A água veio para refrescar —mas é ela, em si, a razão que fez o cozinheiro viajar por um dia e meio, entre estradas e voos, para chegar até lá. Aquele foi o local escolhido para a filmagem de um projeto de TV que vai explorar a cozinha feita à beira d’água.
“O que é um ribeirinho? O que ele tem
de subsistência? Vamos falar sobre o que a água provém, mas também das muitas coisas que acontecem ao seu entorno”, diz o chef. Pode ser o cacau que dá na várzea amazônica ou um feijão plantado às margens do rio São Francisco, explica ele.
Para a chegada de Fábio ao Xingu, os índios fizeram, orgulhosos, uma canoa de 12 metros esculpida em madeira de copaíba. Dela, demonstraram sua pesca tradicional, que usa arco e flecha ou arpão. Com esses instrumentos, os meinacos acertam o peixe que nada em meio ao rio cristalino —ainda que, hoje em dia, também usem, por vezes, linha e anzol.
De volta às margens, eles prepararam o alimento em um fogareiro. Na panela de barro escurecida pelo calor, um tucunaré de 2 kg foi cozido ao extremo, por quase duas horas, até a carne soltar pequenas lascas. Retiraram-se espinhos, ossos e carcaça, e o líquido restante ganhou corpo com beiju e massa da mandioca (raiz ralada e seca).

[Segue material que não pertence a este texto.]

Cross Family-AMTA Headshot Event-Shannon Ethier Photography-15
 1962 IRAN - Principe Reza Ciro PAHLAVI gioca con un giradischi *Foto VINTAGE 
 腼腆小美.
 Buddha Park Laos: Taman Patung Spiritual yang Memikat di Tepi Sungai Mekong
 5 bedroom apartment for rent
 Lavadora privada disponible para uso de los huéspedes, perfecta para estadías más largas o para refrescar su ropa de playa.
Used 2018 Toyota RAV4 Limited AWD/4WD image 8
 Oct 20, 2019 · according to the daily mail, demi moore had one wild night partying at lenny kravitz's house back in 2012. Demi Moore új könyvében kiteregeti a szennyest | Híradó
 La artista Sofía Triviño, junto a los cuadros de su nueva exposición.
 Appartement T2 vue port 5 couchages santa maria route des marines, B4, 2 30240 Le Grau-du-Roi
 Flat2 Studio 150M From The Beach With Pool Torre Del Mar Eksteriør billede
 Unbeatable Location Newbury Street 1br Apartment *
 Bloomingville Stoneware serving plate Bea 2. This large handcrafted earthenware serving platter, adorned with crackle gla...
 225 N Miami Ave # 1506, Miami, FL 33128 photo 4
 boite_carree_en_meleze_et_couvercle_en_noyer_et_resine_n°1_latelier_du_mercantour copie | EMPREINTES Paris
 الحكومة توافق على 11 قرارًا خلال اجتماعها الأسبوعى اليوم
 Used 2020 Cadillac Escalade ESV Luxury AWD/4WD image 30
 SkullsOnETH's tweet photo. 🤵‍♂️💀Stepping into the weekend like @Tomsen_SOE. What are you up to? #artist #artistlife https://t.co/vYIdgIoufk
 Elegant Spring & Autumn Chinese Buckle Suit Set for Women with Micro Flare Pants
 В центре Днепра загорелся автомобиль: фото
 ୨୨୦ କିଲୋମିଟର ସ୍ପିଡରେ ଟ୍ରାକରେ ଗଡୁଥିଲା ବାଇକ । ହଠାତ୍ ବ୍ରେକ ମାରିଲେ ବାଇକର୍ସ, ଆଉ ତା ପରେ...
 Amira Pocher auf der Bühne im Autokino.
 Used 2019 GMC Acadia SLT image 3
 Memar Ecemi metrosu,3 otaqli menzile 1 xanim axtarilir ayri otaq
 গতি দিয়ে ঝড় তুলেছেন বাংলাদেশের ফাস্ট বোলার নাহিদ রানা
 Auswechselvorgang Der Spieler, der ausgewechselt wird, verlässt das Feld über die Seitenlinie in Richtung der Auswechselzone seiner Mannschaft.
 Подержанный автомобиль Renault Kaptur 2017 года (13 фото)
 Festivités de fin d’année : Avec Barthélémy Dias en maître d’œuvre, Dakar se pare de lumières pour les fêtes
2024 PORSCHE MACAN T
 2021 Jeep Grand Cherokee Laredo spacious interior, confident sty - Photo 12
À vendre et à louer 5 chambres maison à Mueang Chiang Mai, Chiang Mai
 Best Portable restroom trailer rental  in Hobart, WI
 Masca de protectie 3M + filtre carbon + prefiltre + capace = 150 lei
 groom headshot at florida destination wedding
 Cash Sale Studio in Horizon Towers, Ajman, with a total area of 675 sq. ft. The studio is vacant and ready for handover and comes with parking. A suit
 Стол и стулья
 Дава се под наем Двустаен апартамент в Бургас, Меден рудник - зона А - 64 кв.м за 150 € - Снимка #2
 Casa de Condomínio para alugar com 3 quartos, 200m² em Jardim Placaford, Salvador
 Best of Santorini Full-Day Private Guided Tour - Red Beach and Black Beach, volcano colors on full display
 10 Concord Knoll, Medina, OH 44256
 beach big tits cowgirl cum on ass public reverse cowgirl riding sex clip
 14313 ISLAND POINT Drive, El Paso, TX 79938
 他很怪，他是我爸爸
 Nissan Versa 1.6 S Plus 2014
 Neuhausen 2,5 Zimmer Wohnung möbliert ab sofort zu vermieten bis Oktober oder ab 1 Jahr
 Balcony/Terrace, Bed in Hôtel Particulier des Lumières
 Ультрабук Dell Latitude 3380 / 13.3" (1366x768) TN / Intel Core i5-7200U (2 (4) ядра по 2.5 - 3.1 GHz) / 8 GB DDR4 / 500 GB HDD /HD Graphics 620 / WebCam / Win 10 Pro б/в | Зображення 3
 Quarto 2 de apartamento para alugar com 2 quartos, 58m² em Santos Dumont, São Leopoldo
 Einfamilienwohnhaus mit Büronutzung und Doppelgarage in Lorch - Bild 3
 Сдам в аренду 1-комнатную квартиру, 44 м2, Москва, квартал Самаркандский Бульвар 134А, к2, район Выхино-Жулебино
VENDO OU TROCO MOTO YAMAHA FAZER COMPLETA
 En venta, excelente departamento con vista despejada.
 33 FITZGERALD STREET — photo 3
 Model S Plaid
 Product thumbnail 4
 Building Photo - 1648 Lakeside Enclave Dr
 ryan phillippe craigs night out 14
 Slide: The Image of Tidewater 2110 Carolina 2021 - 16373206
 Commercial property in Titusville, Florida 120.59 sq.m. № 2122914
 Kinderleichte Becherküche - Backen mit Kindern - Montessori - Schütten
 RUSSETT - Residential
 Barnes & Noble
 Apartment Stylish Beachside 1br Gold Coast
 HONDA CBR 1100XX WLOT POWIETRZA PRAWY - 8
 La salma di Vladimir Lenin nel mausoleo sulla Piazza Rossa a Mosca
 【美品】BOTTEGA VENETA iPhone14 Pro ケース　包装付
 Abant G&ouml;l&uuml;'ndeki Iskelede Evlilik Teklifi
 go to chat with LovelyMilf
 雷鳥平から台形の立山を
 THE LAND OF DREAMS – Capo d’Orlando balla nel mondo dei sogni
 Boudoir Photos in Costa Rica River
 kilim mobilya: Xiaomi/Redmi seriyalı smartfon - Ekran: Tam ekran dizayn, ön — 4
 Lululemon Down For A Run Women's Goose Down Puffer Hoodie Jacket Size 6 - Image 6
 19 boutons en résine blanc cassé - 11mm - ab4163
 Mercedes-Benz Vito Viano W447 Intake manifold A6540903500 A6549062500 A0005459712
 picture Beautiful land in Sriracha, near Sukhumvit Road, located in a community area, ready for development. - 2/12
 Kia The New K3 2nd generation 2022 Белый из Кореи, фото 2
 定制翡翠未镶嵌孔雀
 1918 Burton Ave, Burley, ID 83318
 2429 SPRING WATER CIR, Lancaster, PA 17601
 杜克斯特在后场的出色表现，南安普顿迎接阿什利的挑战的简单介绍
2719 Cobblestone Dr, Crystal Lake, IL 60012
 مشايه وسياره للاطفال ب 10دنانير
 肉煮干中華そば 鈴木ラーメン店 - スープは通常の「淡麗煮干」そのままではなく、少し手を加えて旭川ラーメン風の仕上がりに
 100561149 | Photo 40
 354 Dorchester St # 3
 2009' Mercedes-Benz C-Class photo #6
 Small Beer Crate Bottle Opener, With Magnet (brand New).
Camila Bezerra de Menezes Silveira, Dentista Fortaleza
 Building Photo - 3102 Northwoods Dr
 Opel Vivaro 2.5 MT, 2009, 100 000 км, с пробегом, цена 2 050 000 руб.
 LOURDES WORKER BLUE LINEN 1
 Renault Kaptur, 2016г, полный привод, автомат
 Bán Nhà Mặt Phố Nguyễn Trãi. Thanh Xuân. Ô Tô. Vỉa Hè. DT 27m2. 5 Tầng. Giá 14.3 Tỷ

Estava feita a wakula, “que lembra a consistência de um pirão”, explica Fábio, uma receita consumida com frequência ali.
Ao experimentá-la, o chef conheceu mais um ingrediente usado na aldeia. É uma espécie de sal feito à base de aguapé, uma planta que habita as proximidades do rio. “O sabor é diferente [do sal convencional]. Ele primeiro vem forte na boca, mas sua presença acaba mais rápido. Para eles, é a coisa mais preciosa”, diz.
A expedição ao Xingu representa o primeiro dos 13 episódios da série de TV, ainda sem nome e data de estreia, produzida pela Sampa Filmes, em fase de desenvolvimento. O chef também vai visitar o delta do rio Parnaíba, entre o Maranhão e o Piauí; a região de Cananeia, no litoral de São Paulo; e uma área conhecida como Tanquã, em Piracicaba, chamada de “Pantanal paulista”.
Além das filmagens para o projeto, as viagens também rendem a Fábio repertório para ser usado no Micaela, nos Jardins. Nesta terça-feira (2), entra em cartaz no restaurante um menu que faz alusão a ingredientes e preparos dessa etnia indígena.
A primeira das cinco etapas do cardápio (R$ 165) é um ovo perfeito com caldo de peixe, pó de peixe torrado, beiju crocante e um toque de sal do índio. “Quando estava no Xingu, preparei ovo para os meinacos comerem de manhã, e eles gostaram. Aqui, não vou cozinhar pratos típicos, mas fazer uma referência ao momento que tivemos juntos, um momento de troca”, diz Fábio.